Up until that transition, I attended Waldron Mercy Academy, a Catholic middle school. It was very strict and dull. There was always a lot of homework and you couldn't use ANY electronics, not even at lunch or recess time. In fact, once, my phone fell out of my pocket while I was walking down the hallway and my teacher picked it up.
“You can have this back in a few days.”, she said
“Why? It just fell out of my pocket.”, I said
“I should have been off in your backpack!”, she said
“Okay, but it was off and it only fell out of my pocket. I wasn’t using it or anything.”, I said
“No arguing. You'll see this in 3 days now for arguing with me.”, she said as I sulked away.

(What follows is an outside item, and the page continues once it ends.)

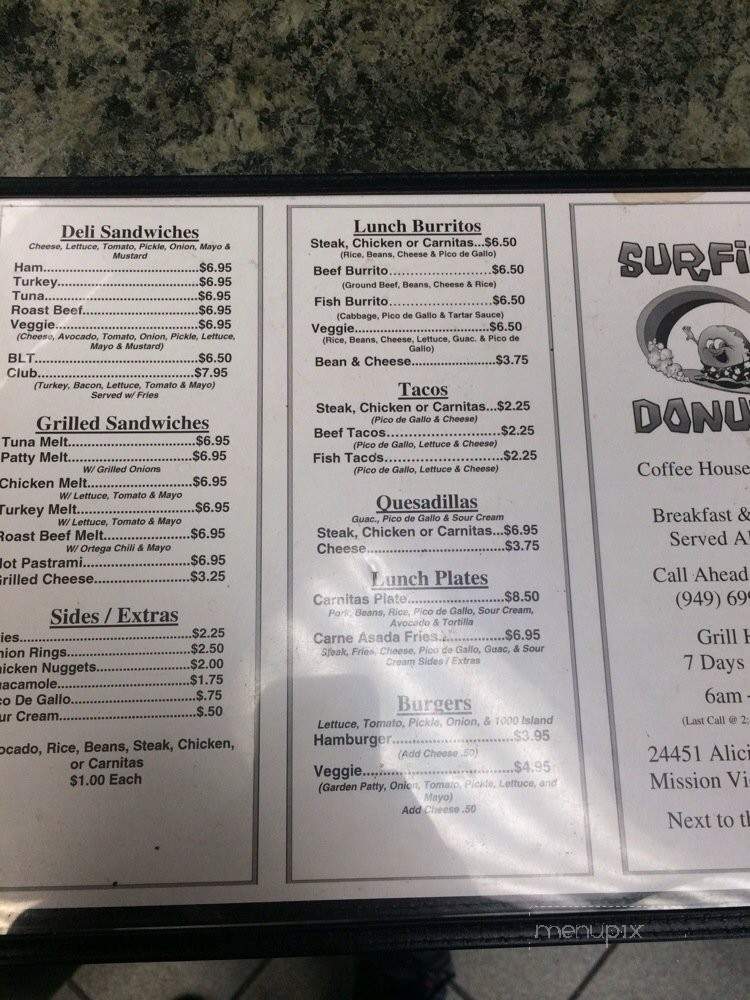 Surfin' Donuts - Mission Viejo, CA menu_pic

Basically, my point is that my early school years had little to no freedom. This caused me to be somewhat quiet and shy, until 4th grade. That's when my classmate and I got a little more freedom and knowing me, they gave me an inch and I took a mile. So I became a happy and boisterous class clown. I always made sure everyone was laughing with and not at me. I started making friends with my classmates and enemies with my teachers. I really liked the life that I had chosen. This continued all the way up until 9th grade.
On my first day of SLA, I was very shy and quiet. Though, this changed in a matter of days, meaning I was back to good ol loud david by the 3rd week of school. I just needed to adjust to the kids in SLA. With all the freedom I got with this school that I am currently in, I just became a full on comedian, just like how I was at my old school. I was always loud and enjoyable to others. A lot of people said I was fun to be around, even some of my teachers! During the hour of my first lunch I decided to try and use my phone. I was shocked because I realized, it was allowed. I just got too excited which caused me to run around yelling things like
“FREEDOM… NO MORE CATHOLIC EDUCATION FOR MEE… SCREW UNIFORMS… SLA FOR THE WIN!”.
Everyone thought this was hilarious and was so surprised at how little freedom I had in middle school. Whenever me and my friends came up with a good joke, I took it and entertained my entire classrooms with it. By the end of 9th grade year, the small amount of people that disliked me were cool with me and about 90% of my teachers hated me. I had gotten too many progress notes for being loud and disruptive I can’t even count them. Now my ADHD was a huge part of this and I stopped taking my meds for 9th grade year which was a terrible idea, because at the end of the year, my grade obsessed parents were upset with my barely passing grades. They punished me and tried to take my summer away. That was not the worst part, they made me do Khan Academy every day. The good news were that she was not home to watch me do it. So naturally, I played video games and scooted all day long. I wasn’t really a rebel unless I needed to be one.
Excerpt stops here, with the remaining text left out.